The sponsoring agency is the National Institutes of Health (NIH), and the named lead institute is the National Cancer Institute (NCI).

24) What grant mechanism is used?

This opportunity uses the NIH R01 research project grant mechanism.

25) What is the CFDA number associated with this opportunity?

The opportunity is listed under CFDA 93.395.

26) What is the application deadline listed in the provided information?

The original closing date provided is September 7, 2026.

27) Is there an award ceiling specified?

No. An award ceiling is not specified in the provided source details.

28) Is the expected number of awards provided?

No. The expected number of awards is not listed in the provided information.

29) What types of organizations are eligible to apply?

The program is open to a wide range of applicant types, including academic and nonprofit research organizations, for-profit organizations (other than small businesses), and small businesses.

30) Are government entities eligible applicants?

Yes. Multiple levels of government entities are listed as eligible, including state, county, city/township, special districts, and independent school districts.

31) Are minority-serving institutions specifically mentioned as eligible or encouraged?

Yes. The opportunity highlights inclusion of institutions such as Historically Black Colleges and Universities (HBCUs), Hispanic-serving Institutions, Tribally Controlled Colleges and Universities, Alaska Native and Native Hawaiian Serving Institutions, and Asian American Native American Pacific Islander Serving Institutions.

32) Are non-U.S. (foreign) organizations eligible?

Yes. Non-U.S. entities (foreign organizations) are listed as eligible in the provided description.

33) Are U.S. territories or possessions eligible?

Yes. U.S. territories or possessions are listed among eligible applicants.

34) Are faith-based or community-based organizations eligible?

Yes. Faith-based or community-based organizations are listed as eligible.

35) Are tribal governments and regional organizations eligible?

Yes. Certain tribal governments and regional organizations are listed as eligible.

36) What kinds of projects are likely to be most competitive based on the description provided?

The most competitive projects are likely to connect strong biological rationale with credible assay development and screening execution, then follow through with validation and chemistry to produce high-confidence, well-understood small molecules. Strong applications typically show a clear path from assay to hits to validated, prioritized compounds, with a realistic plan to de-risk artifacts, demonstrate mechanism, and improve compound properties.

37) What is the expected endpoint of the funded work?

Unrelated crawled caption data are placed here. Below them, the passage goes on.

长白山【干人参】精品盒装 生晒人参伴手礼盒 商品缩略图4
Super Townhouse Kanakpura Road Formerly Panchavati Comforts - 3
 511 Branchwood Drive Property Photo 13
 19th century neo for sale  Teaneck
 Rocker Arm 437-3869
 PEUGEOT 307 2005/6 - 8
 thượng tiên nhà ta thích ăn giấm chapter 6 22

The described endpoint is the generation of credible, well-characterized, validated small-molecule hits and, where proposed, improved compounds through hit-to-lead optimization that are genuinely useful as probes and/or as pre-therapeutic leads for future development.

38) Does the opportunity specify a particular disease area?

The description emphasizes disease-relevant targets including those tied to therapy and immunotherapy, and it is led by NCI. Beyond that, the scope is described as intentionally broad within small-molecule discovery, with alignment to the missions of participating NIH Institutes.

39) Does the provided information describe standard budgeting expectations?

It notes that because an award ceiling and number of awards are not listed in the provided details, applicants typically rely on the full NOFO text and NIH standard R01 budgeting and review expectations when planning project scale and costs.

40) What does "assay-driven screening" mean in the context of this program?

In this context, it means discovery efforts centered on developing or using assays suitable for screening compounds, then using those assays to identify hits, confirm them through validation steps, and advance them through chemistry and early property evaluation.